### Extracted entries
__________
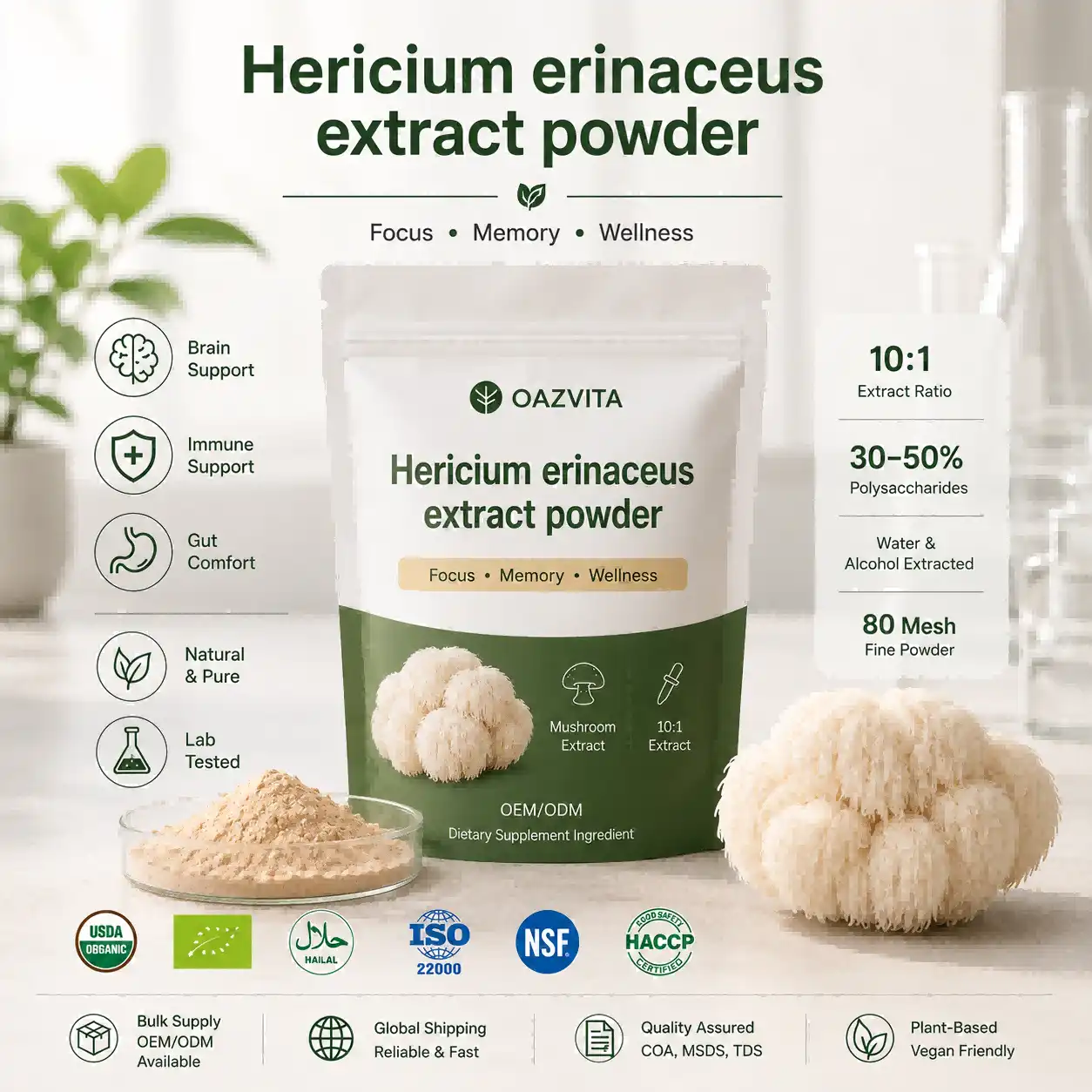 Hericium Erinaceus Extract Powder: Benefits, Uses & Science Explained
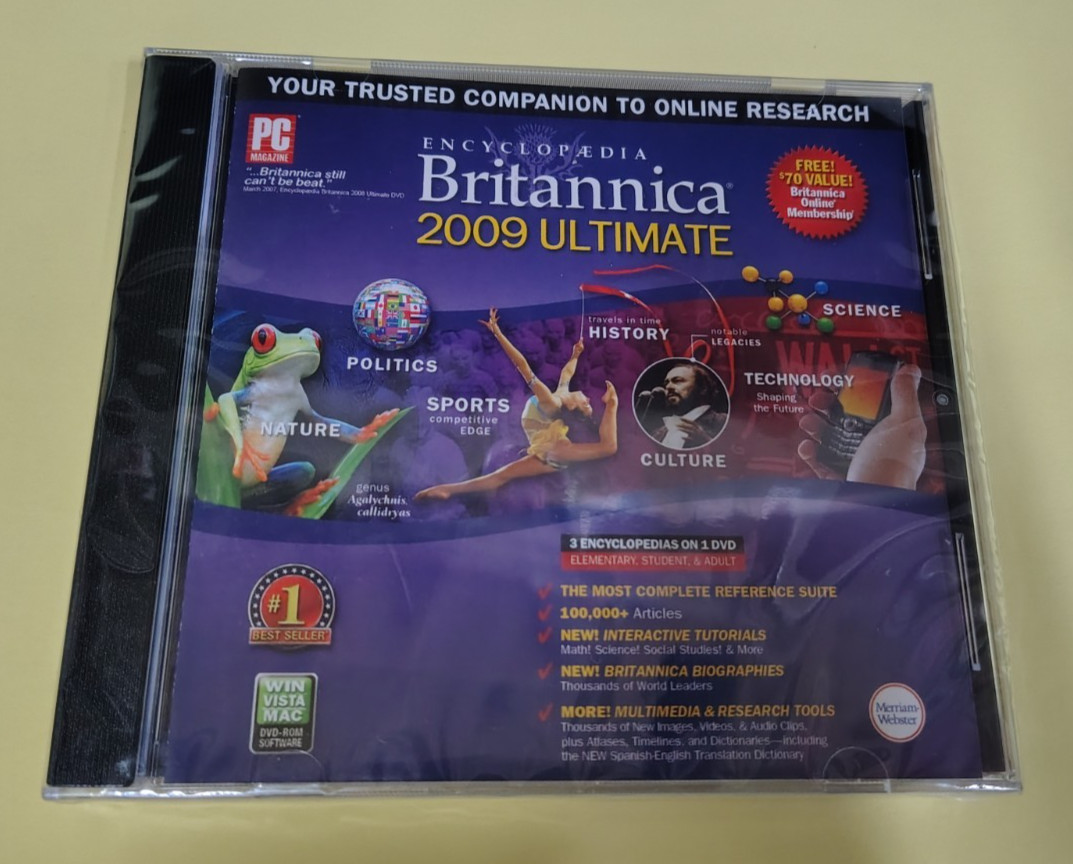 NEW Encyclopedia Britannica 2009 Ultimate DVD PC Cd-Rom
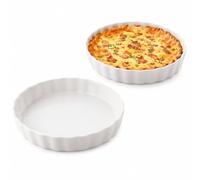 WakiHong Set of 2 White Porcelain Quiche Dish 14 cm Porcelain Pie Dish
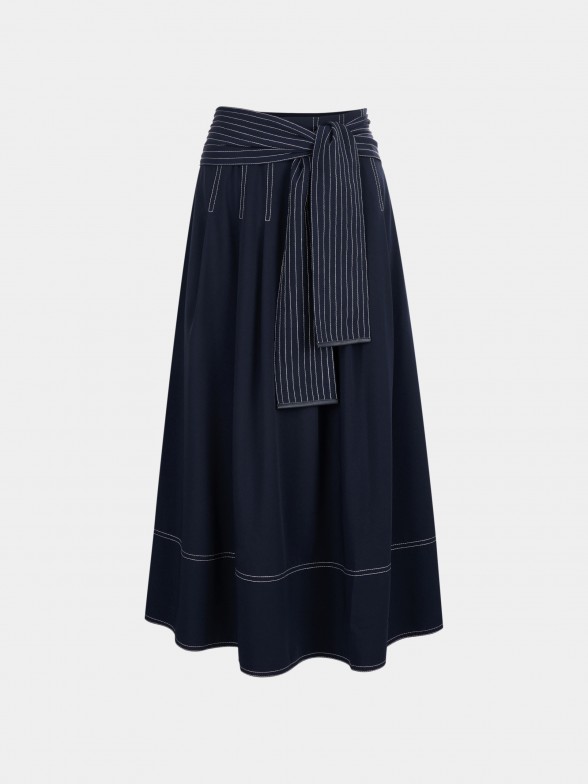 Midi skirt with volume and belt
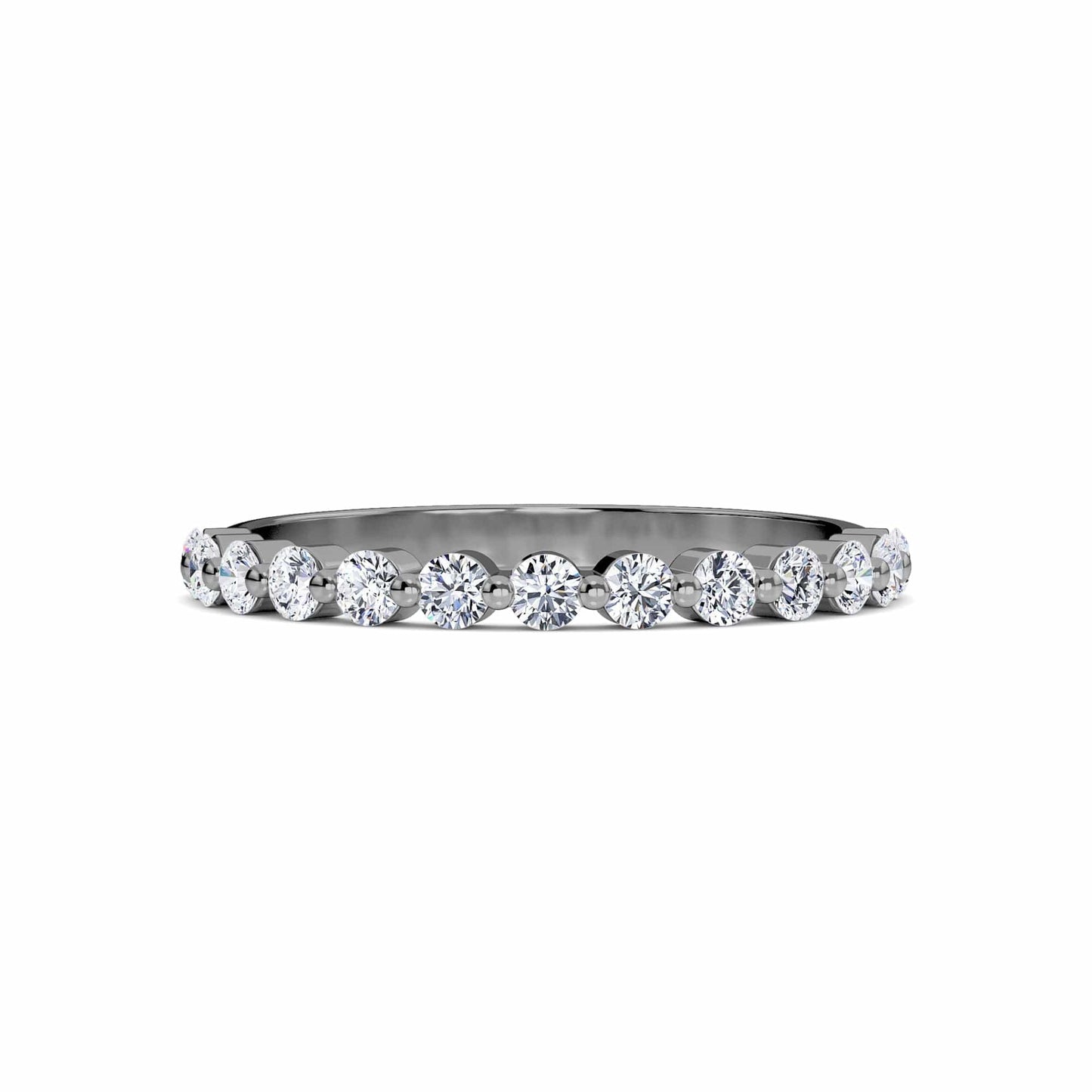 White Diamond Classic Scalloped Eternity Band Ring - Viviana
__________
### Task objective
Word for word, output the lines from the line bearing "Midi skirt with volume and belt" through the end of the records above, and only those, without the pictures.

### Output below
 Midi skirt with volume and belt
 White Diamond Classic Scalloped Eternity Band Ring - Viviana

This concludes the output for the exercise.